Pictures with short captions.
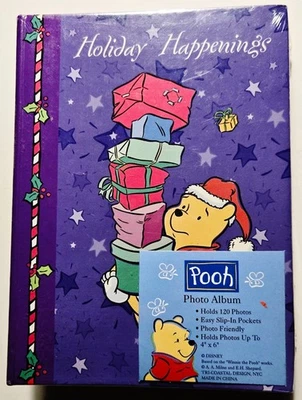 Vintage 2000s Disney Winnie the Pooh Christmas 4"x6" Photo Album *NEW SEALED* - Image 1 of 3
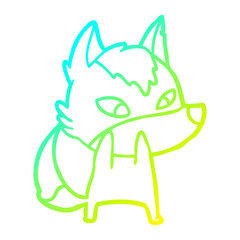 cold gradient line drawing shy cartoon wolf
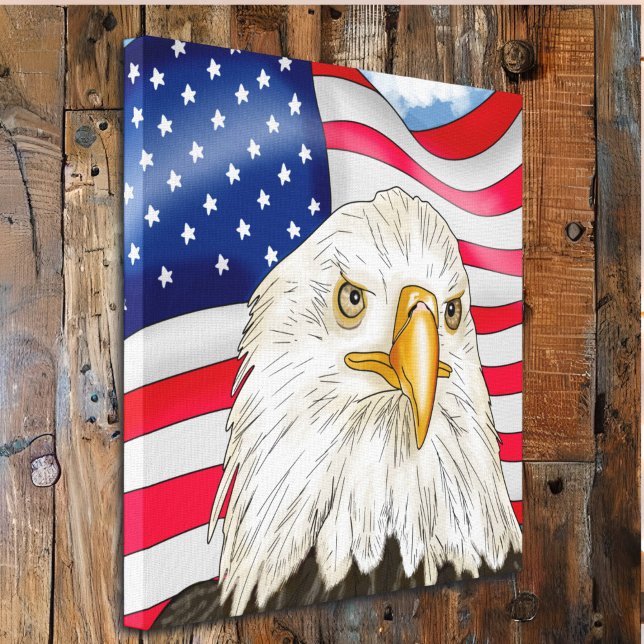 Hand Drawn Bald Eagle und Patriotic amerikanische  Leinwanddruck (Von Creator hochgeladen)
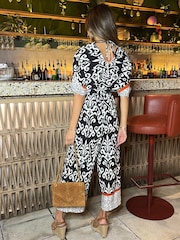 AX Paris V-Neck Black Jumpsuit - Image 2 of 4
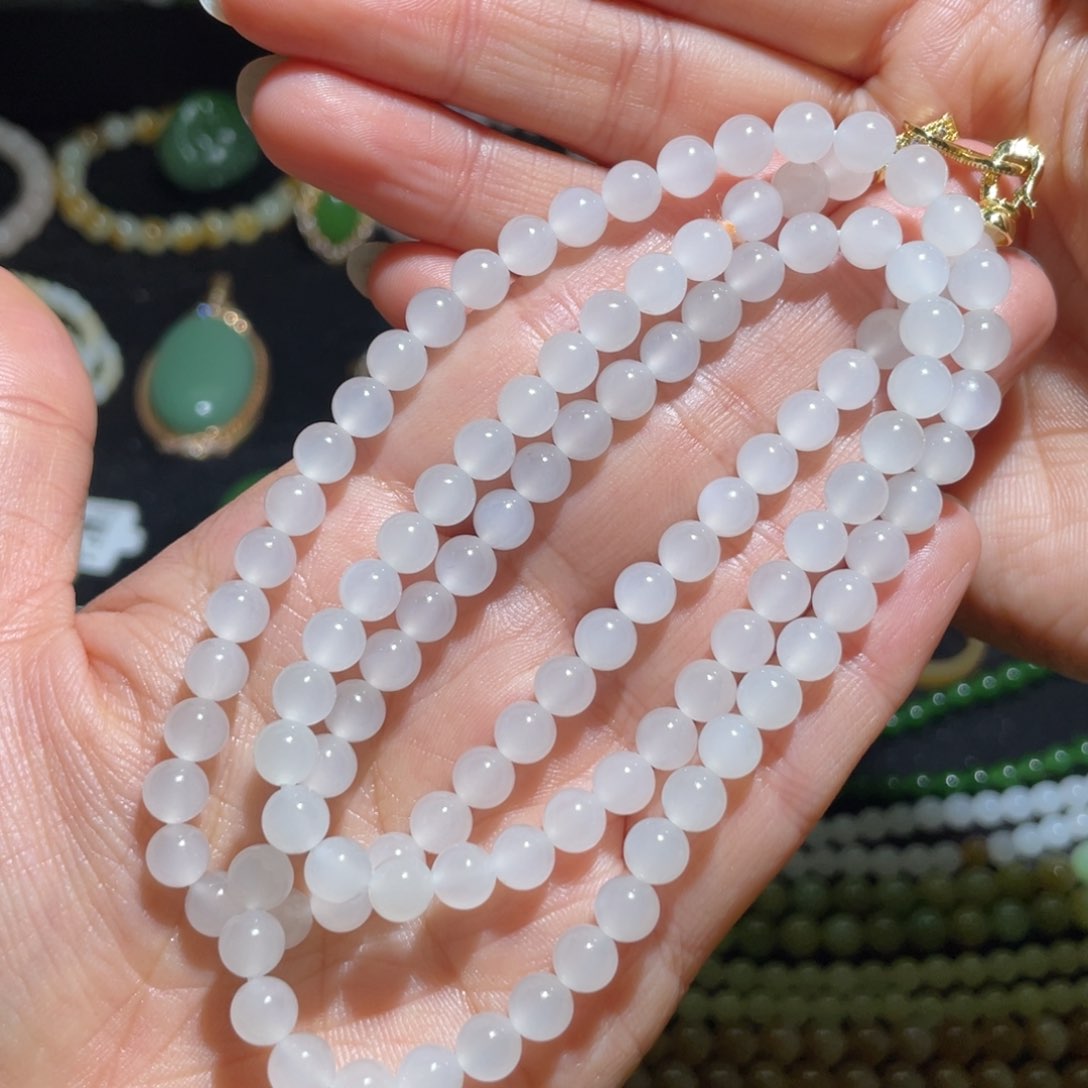 和田玉冰底白月光108卡6mm未镶嵌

EXERCISE PROMPT. The preceding entries should be duplicated word for word; no picture belongs in the copy.

RESPONSE BOX.
 Vintage 2000s Disney Winnie the Pooh Christmas 4"x6" Photo Album *NEW SEALED* - Image 1 of 3
 cold gradient line drawing shy cartoon wolf
 Hand Drawn Bald Eagle und Patriotic amerikanische  Leinwanddruck (Von Creator hochgeladen)
 AX Paris V-Neck Black Jumpsuit - Image 2 of 4
 和田玉冰底白月光108卡6mm未镶嵌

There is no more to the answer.